I came home from the event with a bumper sticker reading “Nights of Passion, No Regrets in the Morning” advertising the Portland Opera, which remained on my car until it was hauled away for scrap a year later. The relationship that began with that dramatic opera date ended in an appropriately operatic fashion by my mid-20s, and my taste for opera fizzled for awhile.
But as old memories faded, and my close friend Kate’s pursuit of her own operatic dreams intensified, I was able to regain my enthusiasm for the art form, and when she became a full-time member of the Portland Opera chorus last year, I knew it was time to step back into Keller Auditorium and experience opera anew.
So, on Saturday night, the closing night of the spectacular “Aida,” I sat in a box seat given to me as a birthday gift from Kate, wearing a black cocktail dress and a shimmering blue and silver wrap, and I peered over the box to the crowd below.
Although Keller is not an extravagant or particularly historic space, the lack of ornament doesn’t detract from the feeling that the audience is somehow connected to musical history in a very deep way. I imagined the opera scenes from “The Age of Innocence” by Edith Wharton, or even further back, those that took place in “Les Liaisons Dangereuses,” by Pierre Choderlos de Laclos.
The opera was a place where one went to be seen, dressed in the very finest attire, perhaps using the opportunity to secretly communicate with a lover, or spy on an enemy. Where you sat, and with whom, was of great importance. When Countess Ellen Olenska appears in the box of the Mingott family in “The Age of Innocence,” it demonstrates to shocked onlookers that the family is supporting the Countess’ decision to flee her troubled European marriage. And when the Marquise de Merteuil’s many exploits are made public in “Les Liaisons Dangereuses,” in one of the film versions of the book, she is publicly shunned at the opera, and flees in disgrace.
There was nothing particularly dramatic about my opera companions Saturday night; they appeared to mainly be composed of middle-aged couples taking the opportunity to dress up and enjoy an amazing performance. Chatting with them during the first intermission, I found that most of them were long-time opera lovers, and a few were singers or musicians themselves. And all of them were completely enamored with this version of “Aida.”

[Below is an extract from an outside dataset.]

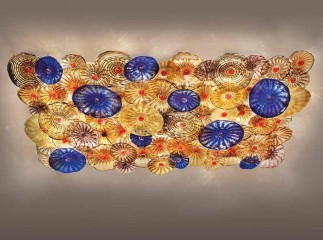 Большая прямоугольная люстра под потолок из стеклянных дисков янтарного и синего цвета - gls/565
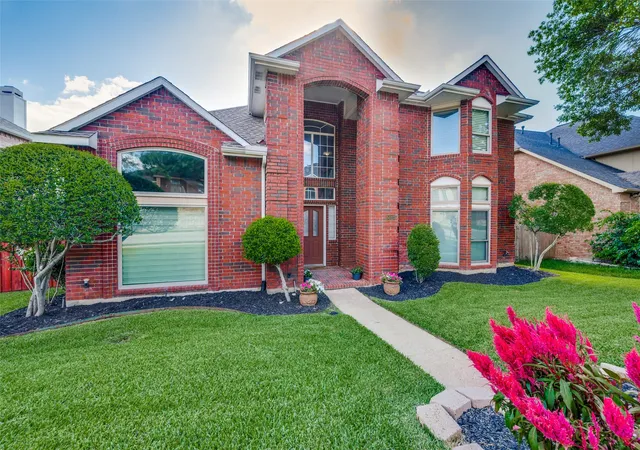Photo 3 of Single family home for sale at 5013 Ridgecrest Dr, The Colony, TX 75056 | MLS# 21307131 | Listing updated on 2026-09-23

Although my eyes were of course drawn to my friend whenever she appeared on stage, wearing a giant Geisha-like wig and a late-19th century gown complete with bustle, I can say without prejudice that the production was absolutely stellar, and during the final scene, as Aida and Radames embrace in the tomb, and Amneris mourns above them, I was not the only one with tears in her eyes.
The opera was often a place where more shocking events and risqué behaviors could be depicted before genteel audiences, and this production of “Aida” was no exception. In fact, I was profoundly disquieted by a rape scene in Act Two that does not normally appear in the opera, and speaking afterward with my friend, found out that my reaction had been shared by many others. In my opinion, the scene was disturbing and unnecessary, but artistic interpretation often includes shock value intended to shake the audience out of their complacent enjoyment of a production.
Regardless, the performances were so outstanding that I left the auditorium on a cloud, and felt that my enthusiasm for the art had been completely revitalized, and I felt reconnected to generations of operagoers before me. So perhaps Countess Olenska did not eat a giant pretzel during intermission, but I’d like to think the Marquise de Merteuil would have looked approvingly at my turquoise heels.